_WORK REQUEST:_ Print the line containing "Tottenham 25/26 Home" and all lines after it, unchanged, through the end of the data. Leave the pictures out.

Captioned web image data
· · · · ·

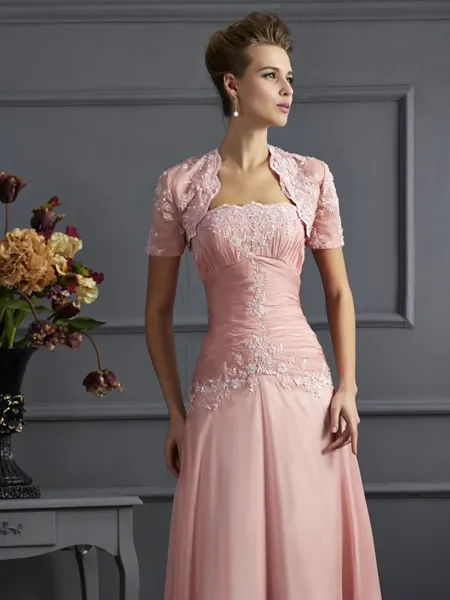 Chiffon Short Sleeves...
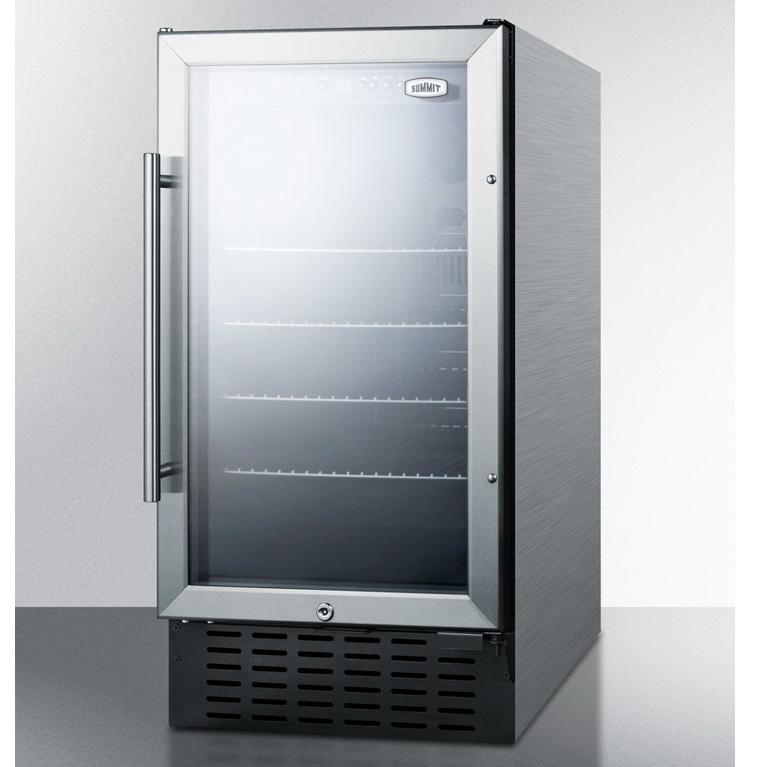 Summit SCR1841BCSSADA User-friendly Convenience Beverage Refrigerator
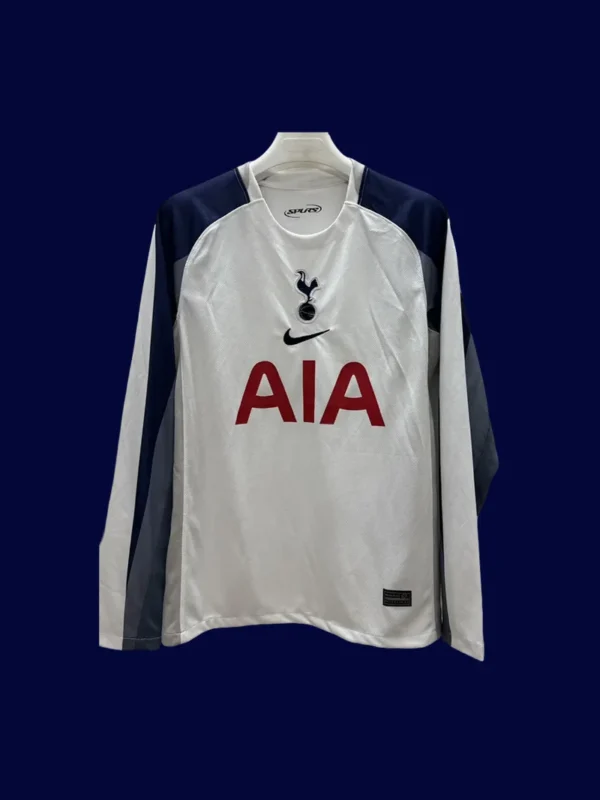 Tottenham 25/26 Home Long Sleeve Fans Front white replica.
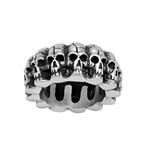 Oxidized Stainless Steel Skull Ring // Oxidized Silver (12)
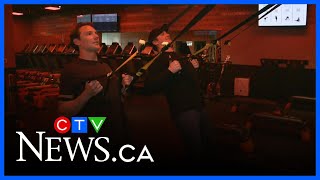 Working out at Orangetheory Fitness 3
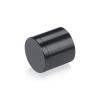 1-1/4'' Diameter X 1'' Barrel Length, Affordable Aluminum Standoffs, Black Anodized Finish Easy Fasten Standoff (For Inside / Outside use) [Required Material Hole Size: 7/16'']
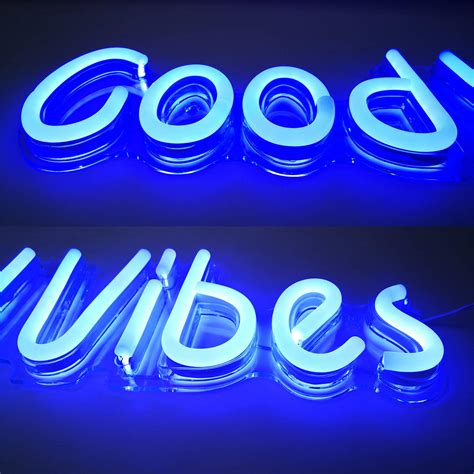 Good Vibes Neon Light Sign LED Wall Signs For Bedroom Wall Decor LED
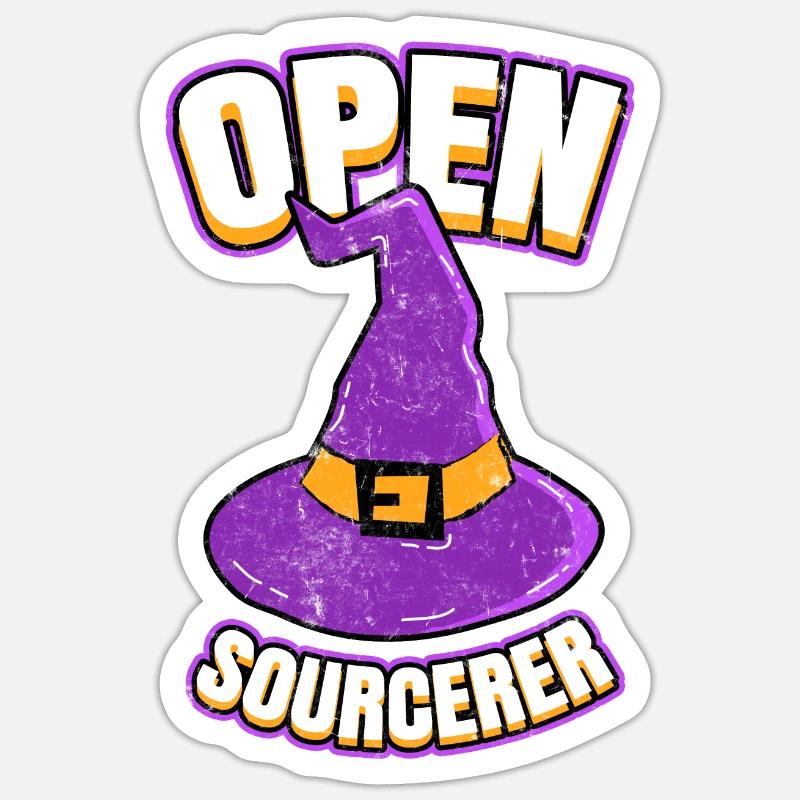 Open Sourcer Programmer Hacker Sticker size S (10 x 10 cm)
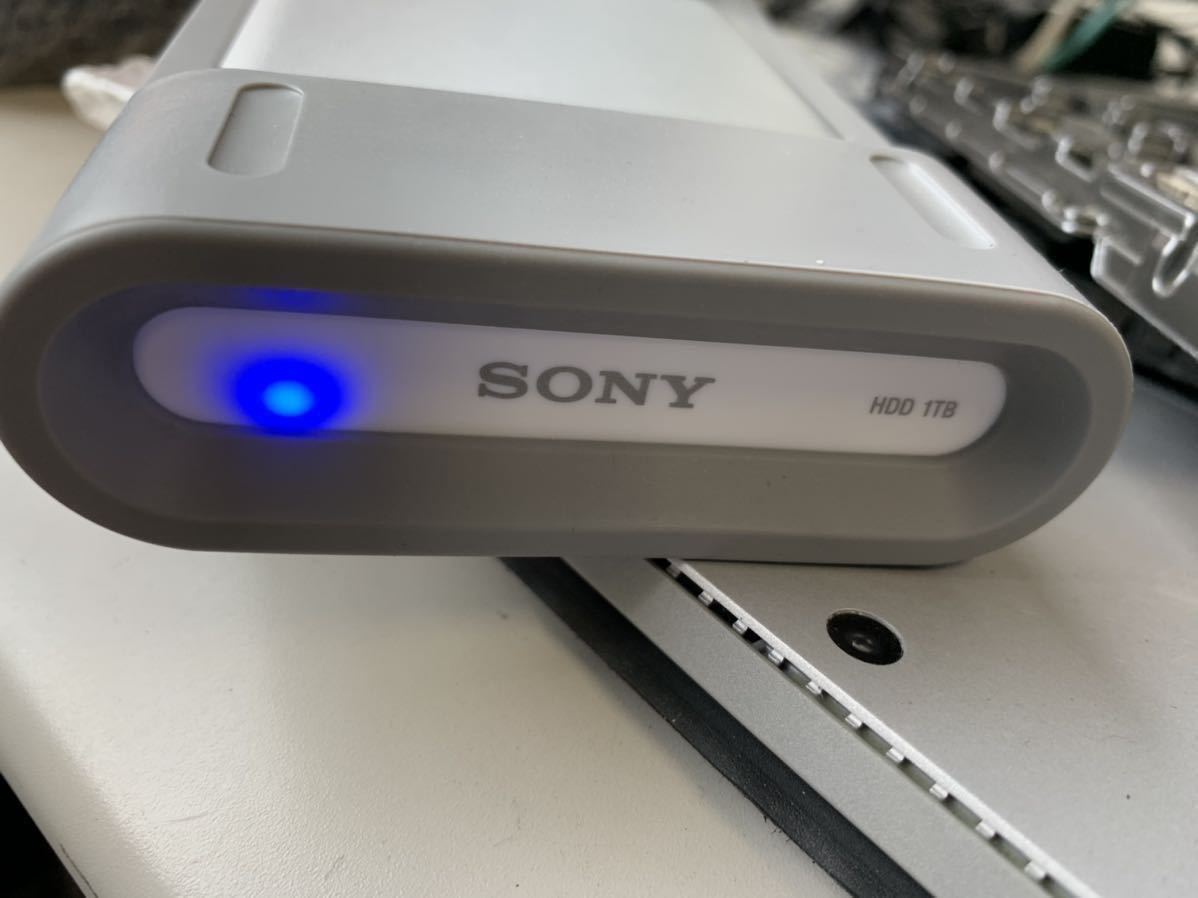1TB SONY PSZ-HA1T 外付け Sony 正常動作 ハードディスク ポータブル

· · · · ·

_ANSWER TO THE PROBLEM:_
 Tottenham 25/26 Home Long Sleeve Fans Front white replica.
 Oxidized Stainless Steel Skull Ring // Oxidized Silver (12)
 Working out at Orangetheory Fitness 3
 1-1/4'' Diameter X 1'' Barrel Length, Affordable Aluminum Standoffs, Black Anodized Finish Easy Fasten Standoff (For Inside / Outside use) [Required Material Hole Size: 7/16'']
 Good Vibes Neon Light Sign LED Wall Signs For Bedroom Wall Decor LED
 Open Sourcer Programmer Hacker Sticker size S (10 x 10 cm)
1TB SONY PSZ-HA1T 外付け Sony 正常動作 ハードディスク ポータブル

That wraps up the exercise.